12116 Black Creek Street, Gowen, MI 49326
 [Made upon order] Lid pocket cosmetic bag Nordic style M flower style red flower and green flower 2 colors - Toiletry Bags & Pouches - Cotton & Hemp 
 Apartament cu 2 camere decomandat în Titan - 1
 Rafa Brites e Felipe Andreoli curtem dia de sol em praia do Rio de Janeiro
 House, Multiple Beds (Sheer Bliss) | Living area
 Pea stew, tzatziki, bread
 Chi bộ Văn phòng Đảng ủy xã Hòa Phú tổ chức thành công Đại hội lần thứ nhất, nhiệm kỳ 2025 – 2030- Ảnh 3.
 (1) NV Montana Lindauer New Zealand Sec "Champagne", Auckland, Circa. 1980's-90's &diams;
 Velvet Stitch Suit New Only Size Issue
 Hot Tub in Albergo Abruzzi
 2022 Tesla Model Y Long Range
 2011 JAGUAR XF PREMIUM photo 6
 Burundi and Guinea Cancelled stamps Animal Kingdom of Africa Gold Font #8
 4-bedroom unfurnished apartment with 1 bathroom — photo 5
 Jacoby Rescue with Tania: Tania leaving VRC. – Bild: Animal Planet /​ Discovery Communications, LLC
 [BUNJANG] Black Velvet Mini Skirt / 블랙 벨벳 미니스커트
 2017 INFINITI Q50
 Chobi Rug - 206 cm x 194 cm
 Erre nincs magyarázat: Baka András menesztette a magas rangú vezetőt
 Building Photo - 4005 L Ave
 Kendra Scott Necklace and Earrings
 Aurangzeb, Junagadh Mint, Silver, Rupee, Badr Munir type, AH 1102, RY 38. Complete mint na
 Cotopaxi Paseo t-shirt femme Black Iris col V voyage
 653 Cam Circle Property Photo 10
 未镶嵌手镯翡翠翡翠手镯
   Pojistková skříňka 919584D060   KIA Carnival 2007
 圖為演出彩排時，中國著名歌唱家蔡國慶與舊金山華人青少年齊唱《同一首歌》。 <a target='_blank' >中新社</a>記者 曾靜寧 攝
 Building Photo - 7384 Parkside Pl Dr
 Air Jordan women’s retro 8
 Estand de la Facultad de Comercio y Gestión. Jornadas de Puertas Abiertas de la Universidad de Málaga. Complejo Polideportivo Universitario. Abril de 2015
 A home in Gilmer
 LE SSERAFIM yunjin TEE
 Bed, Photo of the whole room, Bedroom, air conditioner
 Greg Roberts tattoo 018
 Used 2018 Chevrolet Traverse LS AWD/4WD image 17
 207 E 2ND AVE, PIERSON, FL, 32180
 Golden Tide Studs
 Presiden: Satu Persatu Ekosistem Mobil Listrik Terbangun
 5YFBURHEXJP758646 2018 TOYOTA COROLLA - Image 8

--

▶ _What you should do_
Scan the records above for the string "Animal", and copy every line where it turns up.

▶ _Answer section_
 Burundi and Guinea Cancelled stamps Animal Kingdom of Africa Gold Font #8
 Jacoby Rescue with Tania: Tania leaving VRC. – Bild: Animal Planet /​ Discovery Communications, LLC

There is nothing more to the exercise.